Custom aggregate function results in attribute error.
ashutosh-dwivedi-e3502 opened this issue · comments
Writing custom expectation aggregate functions for test cases results in attribute error.
Following examples demonstrate this :
import checklist
import torch
import numpy as np
from transformers import AutoTokenizer, AutoModel
from sklearn.metrics.pairwise import cosine_similarity
from checklist.pred_wrapper import PredictorWrapper
from checklist.expect import Expect
from checklist.test_types import INV
from checklist.perturb import Perturb
dataset = [
'I am checking the checklist',
'There is a bug in the code',
]
class Model(object):
THRESHOLD = 0.9
def __init__(self):
self.tokenizer = AutoTokenizer.from_pretrained("sentence-transformers/bert-base-nli-mean-tokens")
self.model = AutoModel.from_pretrained("sentence-transformers/bert-base-nli-mean-tokens")
def _mean_pooling(self, model_output, attention_mask):
token_embeddings = model_output[0] #First element of model_output contains all token embeddings
input_mask_expanded = attention_mask.unsqueeze(-1).expand(token_embeddings.size()).float()
sum_embeddings = torch.sum(token_embeddings * input_mask_expanded, 1)
sum_mask = torch.clamp(input_mask_expanded.sum(1), min=1e-9)
return sum_embeddings / sum_mask
def get_encoding(self, sentences):
encoded_input = self.tokenizer(sentences, padding=True, truncation=True, max_length=128, return_tensors='pt')
with torch.no_grad():
model_output = self.model(**encoded_input)
return self._mean_pooling(model_output, encoded_input['attention_mask'])
def get_similarities(self, sentence1, other_sentences):
e1 = self.get_encoding(str(sentence1))
e2 = self.get_encoding([str(x) for x in other_sentences])
return np.squeeze(cosine_similarity(e1, e2))
def similarity_score(inputs):
all_preds = list()
for sentence1, other_sentences in inputs:
scores = model.get_similarities(sentence1, other_sentences)
all_preds.append(scores)
return np.array(all_preds)
def all_similar(x, pred, conf, label=None, meta=None):
"""if any of the results is is below threshold testcase doesn't pass"""
ret = np.sum(pred < Model.THRESHOLD) == 0
print(f'pred = {pred}, ret = {ret}')
return ret
def add_typos(sentence, n=5):
typos = []
for i in range(n):
typos.append(Perturb.perturb([sentence], Perturb.add_typos, keep_original=False))
return sentence, typos
wrapped_pp = PredictorWrapper.wrap_predict(similarity_score)
expect_all_similar = Expect.single(all_similar)
model = Model()
t = Perturb.perturb(dataset, add_typos, nsamples=200, keep_original=False)
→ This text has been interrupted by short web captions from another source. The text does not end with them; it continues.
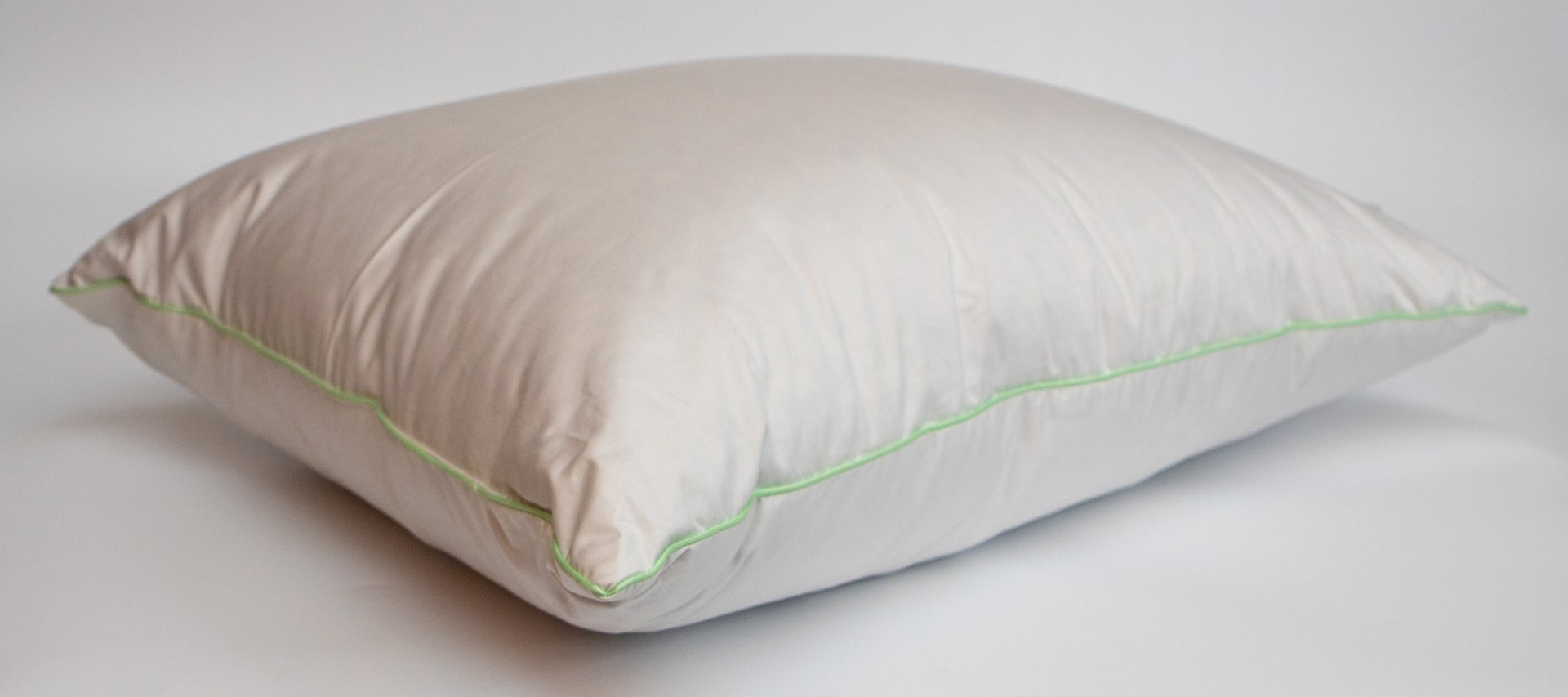 Декоративная подушка-ромашка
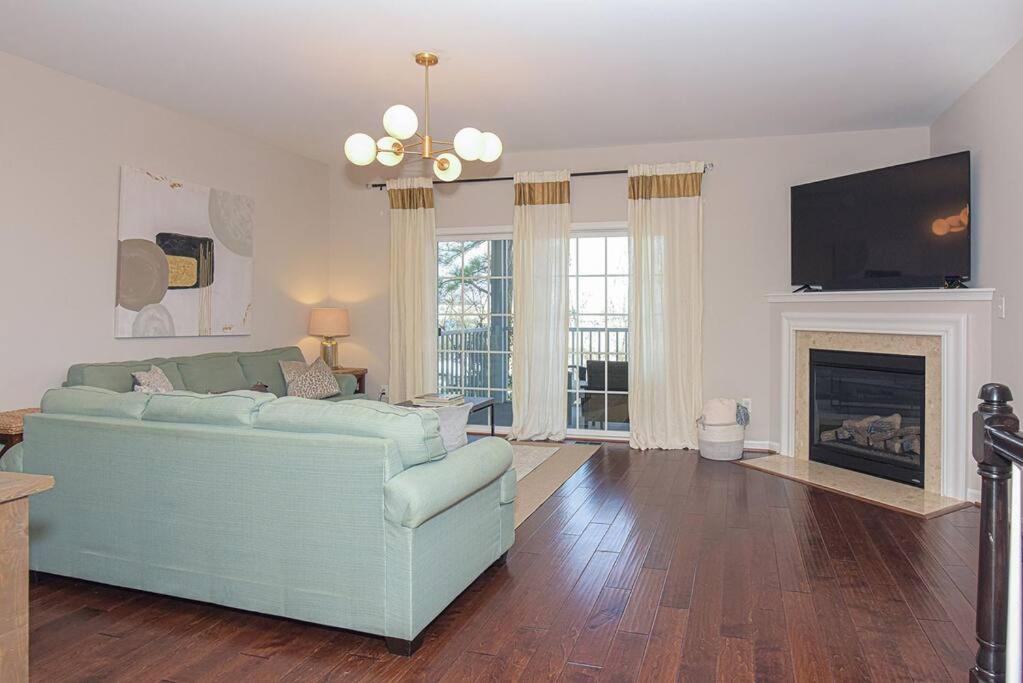 Three-Bedroom House photo 2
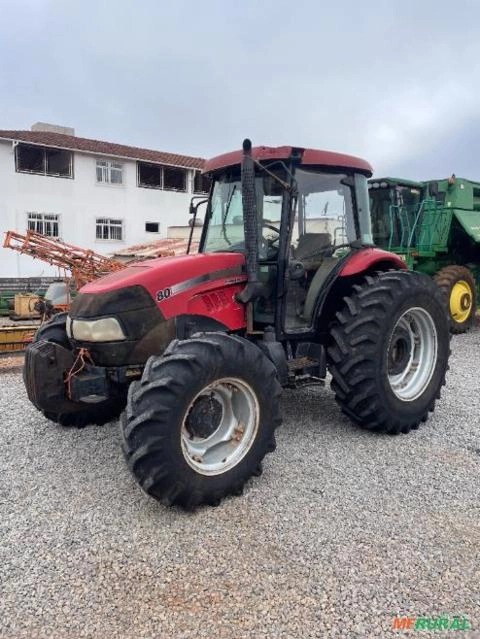 Trator Case IH FARMALL 80 Cabinado - Ano 2017 Imagem Trator Case IH FARMALL 80 Cabinado - Ano 2017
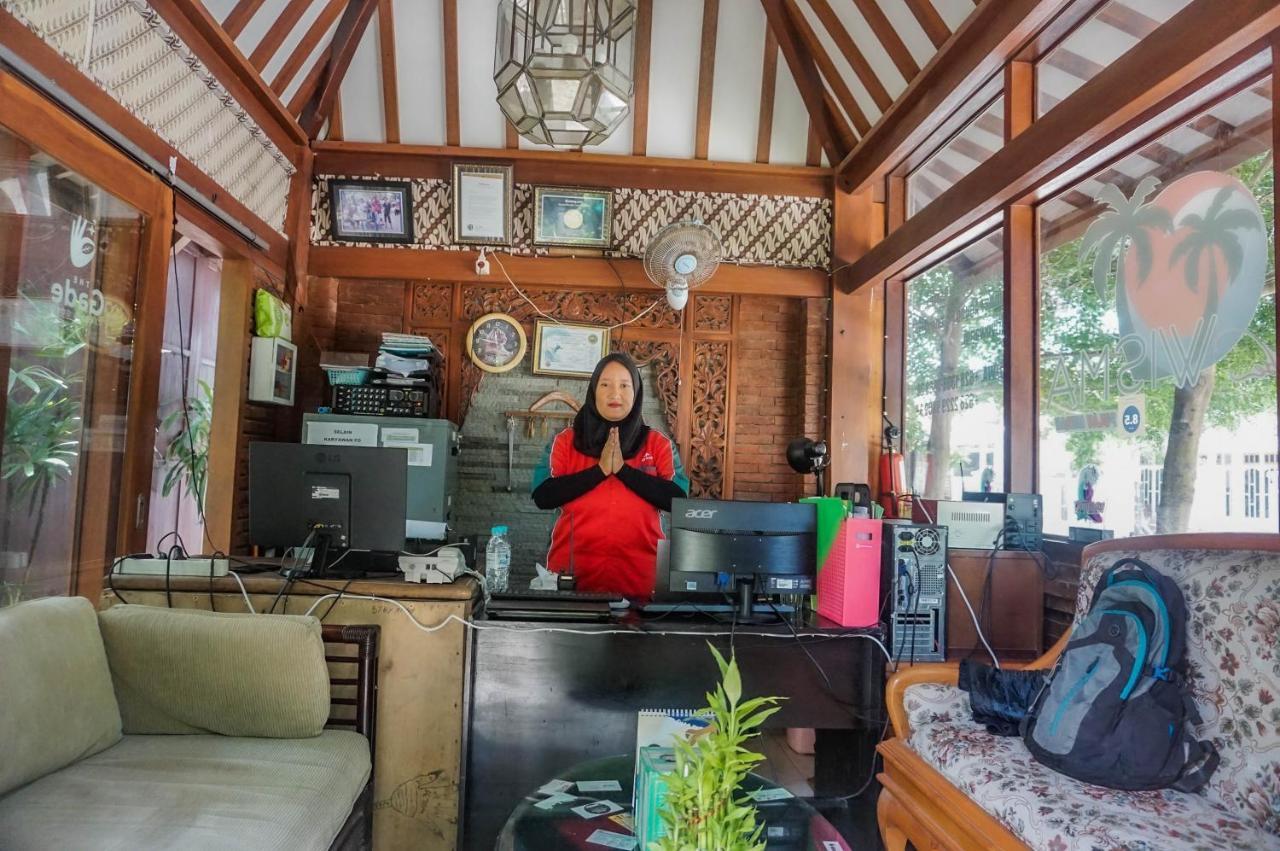 Wisma Pulau Merah Pasanggaran Exterior foto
test = INV(**t, name='add typos', capability='typo',
description='', expect=expect_all_similar, agg_fn=expect_all_similar)
test.run(predict_and_confidence_fn=wrapped_pp, overwrite=True, verbose=True)
test.summary()
This results in the following exception :
---------------------------------------------------------------------------
AttributeError Traceback (most recent call last)
<ipython-input-38-0b1b8f7c7467> in <module>
1 test = INV(**t, name='add typos', capability='typo',
2 description='', expect=expect_all_similar, agg_fn=expect_all_similar)
----> 3 test.run(predict_and_confidence_fn=wrapped_pp, overwrite=True, verbose=True)
4 test.summary()
~/.virtualenvs/test-demo-TklxO9OB/lib/python3.8/site-packages/checklist/abstract_test.py in run(self, predict_and_confidence_fn, overwrite, verbose, n, seed)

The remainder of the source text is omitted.